* * * * * (five stars out of five)
The Greatest “Greatest Hits” Album Ever?
There I was – Fourth of July weekend. I had just mounted (oh, behave) the elliptical machine at my fitness center and I was looking for something on my ipod to motivate me. Most times I just go with the shuffle, but on this day, I felt like a whole album, start to finish, in order. A friend had loaned me “Different Strokes By Different Folks,” a Sly and the Family Stone tribute album (sort of). I cued it up and within about 10 seconds of hearing Will.I.Am rapping his way through Dance To The Music, I knew I was in trouble. Sorry, but it was tantamount to sacrilege to these ears. With no interest in even hitting skip to hear what Maroon 5 might have done to Everyday People, I decided to go for the real thing – “Sly and the Family Stone’s Greatest Hits.”
Two things struck me – pretty much instantly.
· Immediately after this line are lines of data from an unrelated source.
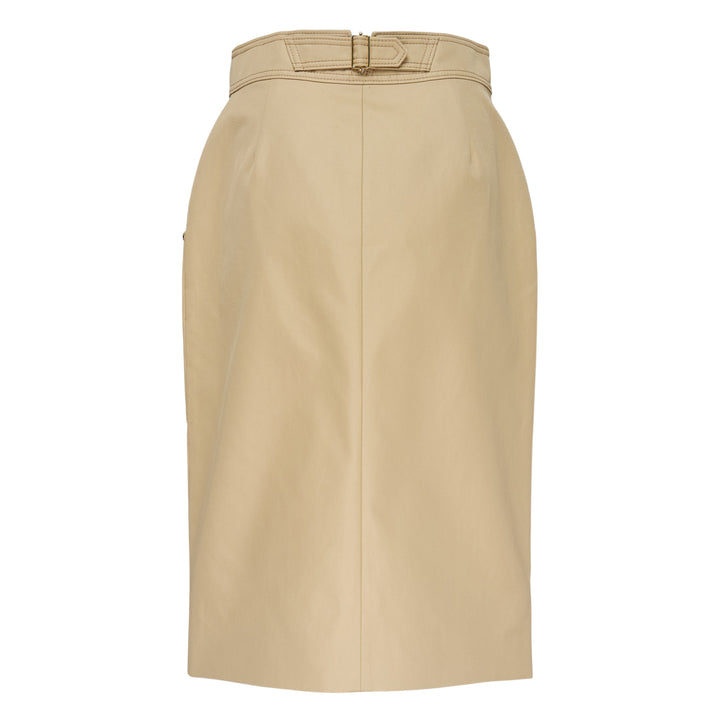 Belted Leather Pencil Skirt
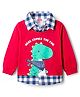 Babyhug Cotton Knit Full Sleeves T-Shirt With Dino Print with Attached Shirt - Red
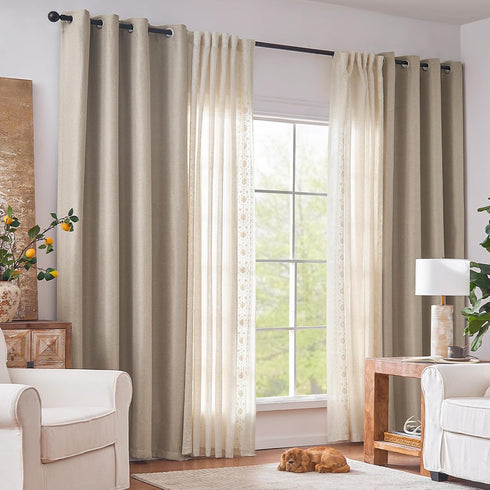 jinchan Blackout Linen Textured Curtain 84 Inches Long for Living Room Thermal Insulated Grommet Top Window Drape for Bedroom 38x84 Greyish Beige ...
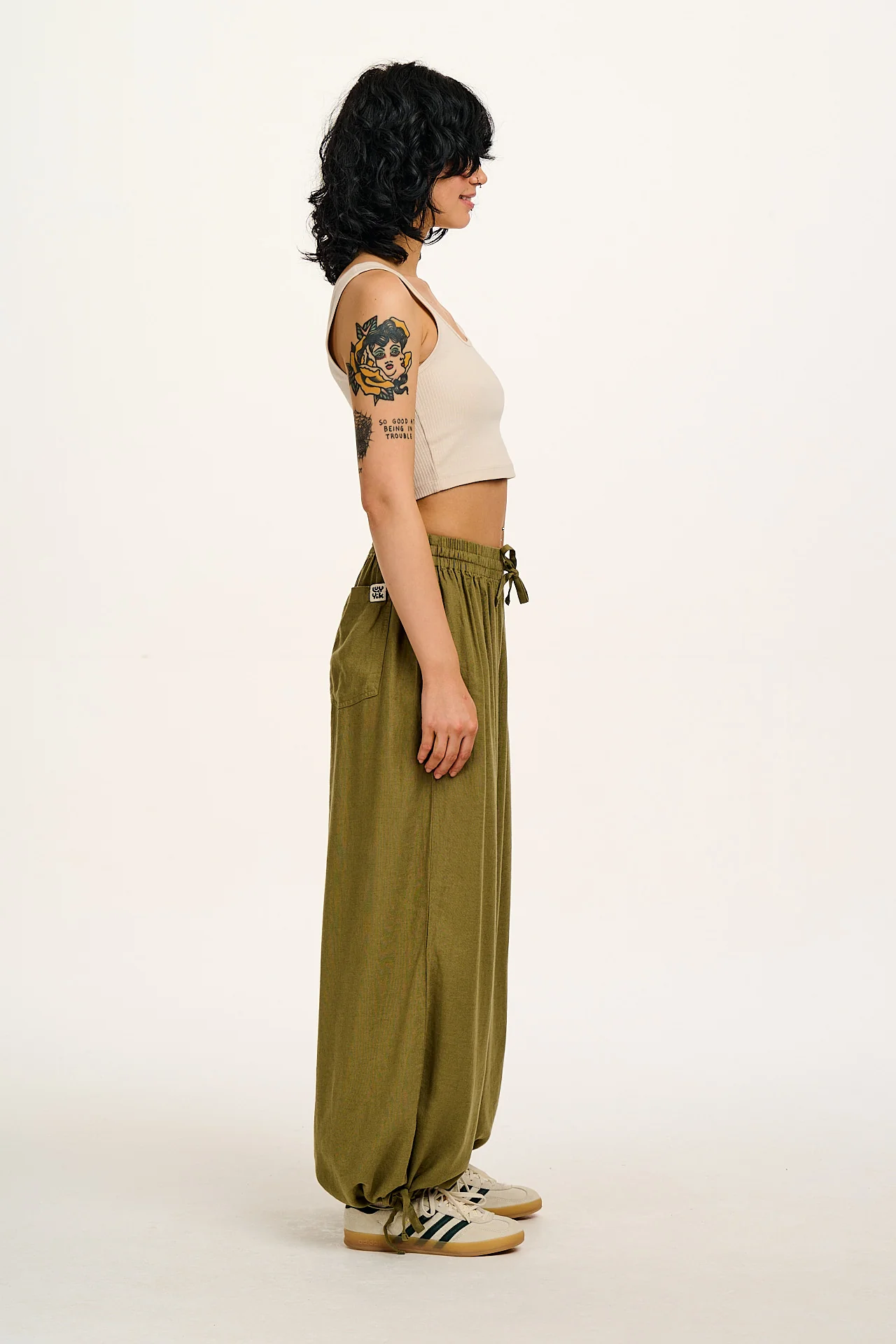 Mylo - Wide Leg Trousers in Herb Garden Green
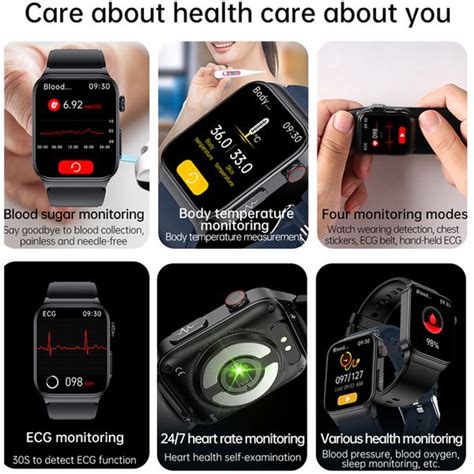 New E Blood Glucose Smart Watch Men Ecg Monitor Blood Pressure Body Temperature Ak E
The first was that I could think of no better way to celebrate our country’s birthday (and diversity) than to enjoy a band like Sly and the Family Stone – a band comprised of black and white, male and female, whose music blended rock, funk, and soul into a sing-a-long hit machine like no band before or since.
The second thing that struck me was that the band’s Greatest Hits is the mother of all greatest hits albums. First of all, it’s a true collection of the band’s greatest hits, released long before some label wiseass figured out that if you put a new non-hit song on a greatest hits album, maybe that would become a hit too, and help to boost album sales. If it didn’t produce a hit, at the very least, completist fans would be sucked in and feel obligated to buy the disc. No – “Sly and the Family Stone’s Greatest Hits” is all hits, all the time. It smokes from the first notes of I Want To Take You Higher through the fadeout of Thank You (Falettin Me Be Mice Elf Agin). The messages are positive (Stand, Everyday People, Dance To The Music, Hot Fun In The Summertime, You Can Make It If You Try) and the grooves are irresistible (the aforementioned Thank You, M’Lady). The sequencing and pacing are perfect – the songs are culled from multiple albums, but you’d never know it. They fit together like they all came from the same sessions.
Before the advent of the CD and the boxed sets, “Essential” collections, and endless repackaging and reissuing that ensued, there were many great greatest hits albums (Eagles’, Elton John’s, Patsy Cline’s, Bob Dylan’s (first and second), Creedence’s “Chronicles”, Rod Stewart’s “Sing It Again Rod,” Rolling Stones’ “Hot Rocks” – the list goes on and on), but to my ears, none is as great as Sly’s. If you have a copy, pull it out now; if not, run out (or online) and get it – and dance to the music, all night long, everyday people, sing a simple song.